--- START ---

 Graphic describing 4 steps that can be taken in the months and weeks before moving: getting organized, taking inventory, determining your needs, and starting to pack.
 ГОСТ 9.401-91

--- END ---
--- START ---

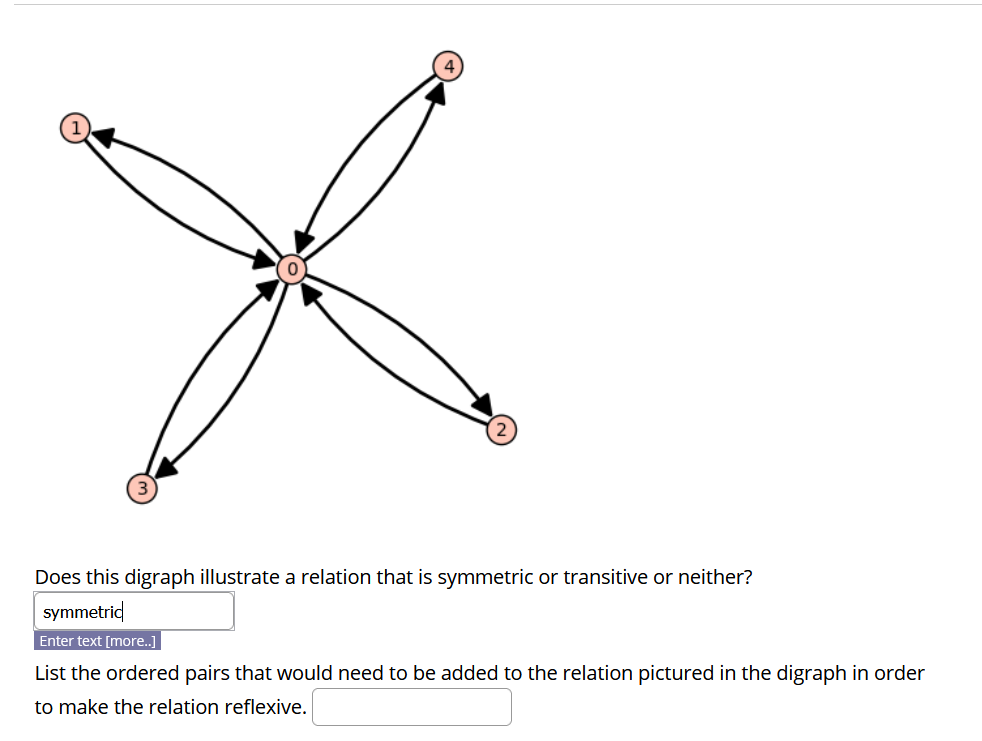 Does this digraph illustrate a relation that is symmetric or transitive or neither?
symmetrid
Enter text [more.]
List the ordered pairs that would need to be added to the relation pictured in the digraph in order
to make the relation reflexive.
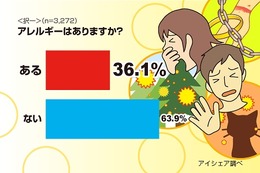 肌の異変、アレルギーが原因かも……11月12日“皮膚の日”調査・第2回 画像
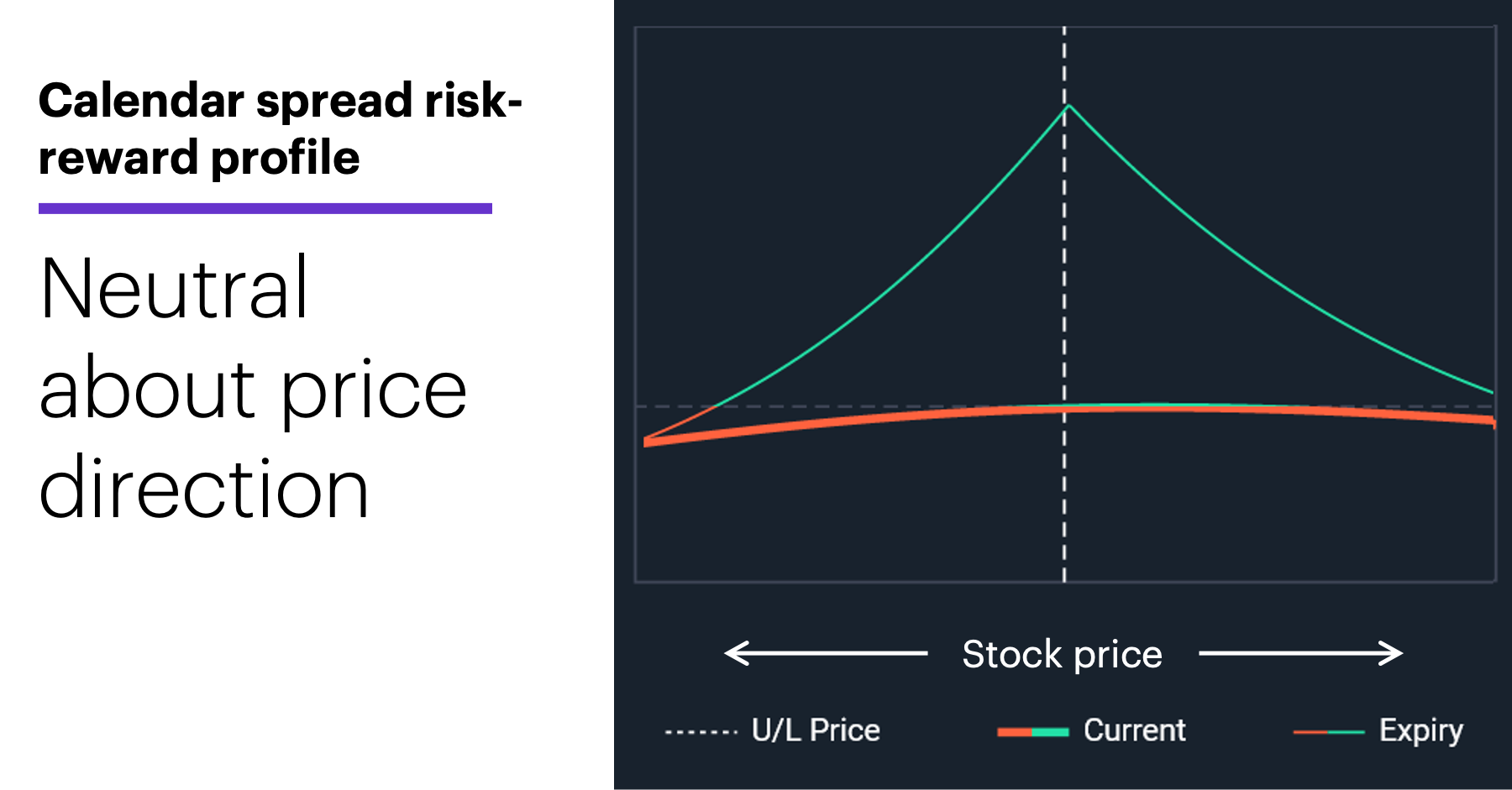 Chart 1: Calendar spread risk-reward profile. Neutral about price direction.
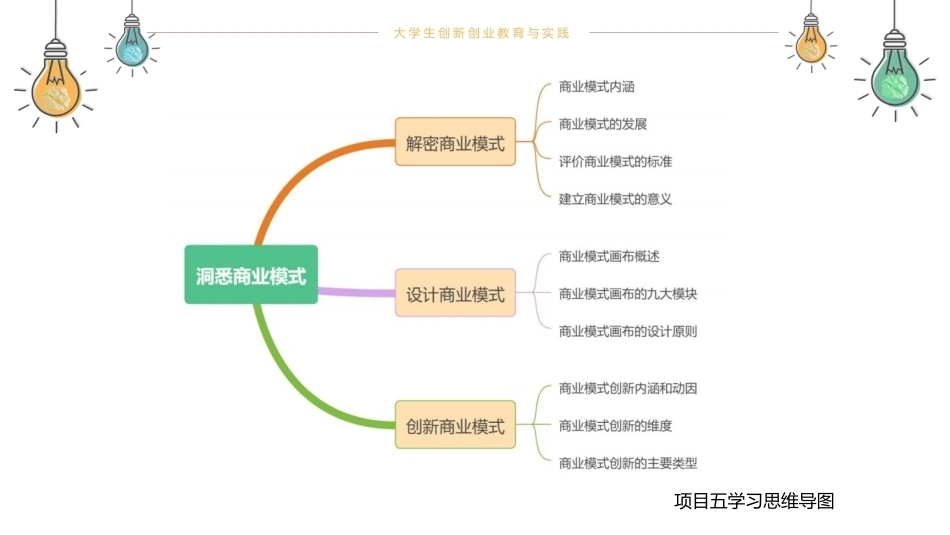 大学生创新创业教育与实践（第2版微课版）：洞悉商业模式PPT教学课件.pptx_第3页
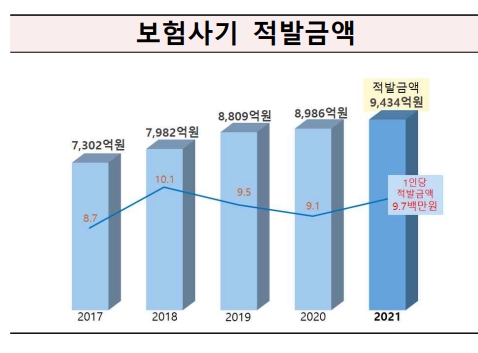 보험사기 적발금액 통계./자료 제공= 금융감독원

--- END ---

## ASSIGNMENT
When the line with "Graphic describing 4" is reached in the data above, begin copying, and stop after the line with "ГОСТ 9.401-91"; copy each line exactly, both ends included.

## COMPLETED TASK
 Graphic describing 4 steps that can be taken in the months and weeks before moving: getting organized, taking inventory, determining your needs, and starting to pack.
 ГОСТ 9.401-91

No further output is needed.